PROMPT: From the line with "Marble Map Jacquard" to the final line of the data below, please write out every line exactly, with no pictures.

INFORMATION SUPPLIED:
Content starts
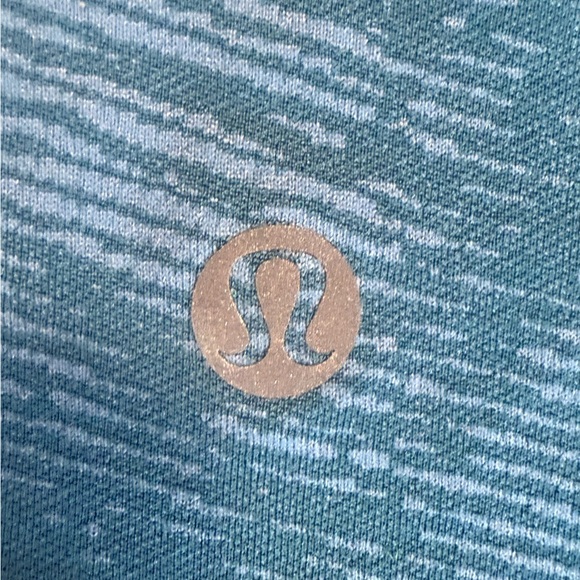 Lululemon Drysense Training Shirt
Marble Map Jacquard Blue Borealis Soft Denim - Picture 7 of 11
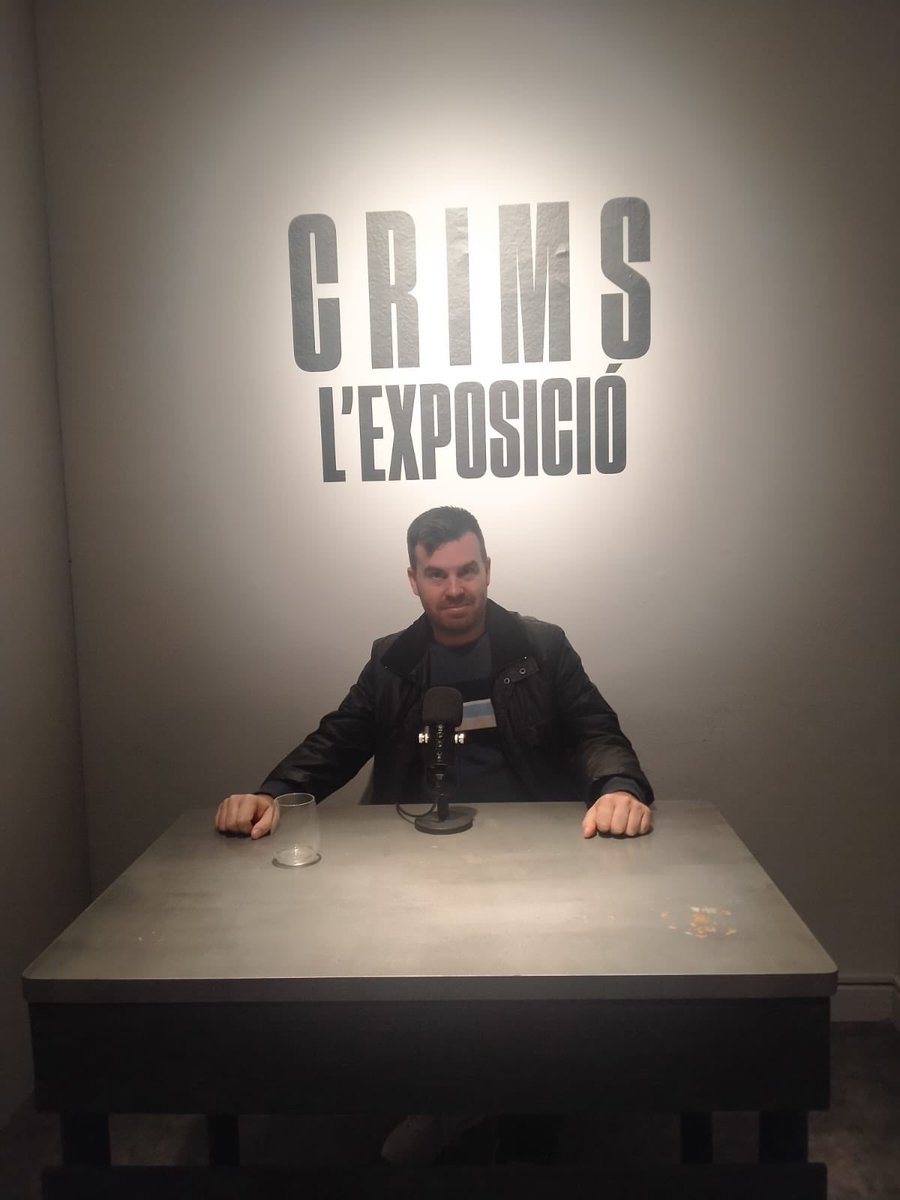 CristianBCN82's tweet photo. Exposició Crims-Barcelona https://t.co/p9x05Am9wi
Content ends
YOUR SOLUTION:
Marble Map Jacquard Blue Borealis Soft Denim - Picture 7 of 11
 CristianBCN82's tweet photo. Exposició Crims-Barcelona https://t.co/p9x05Am9wi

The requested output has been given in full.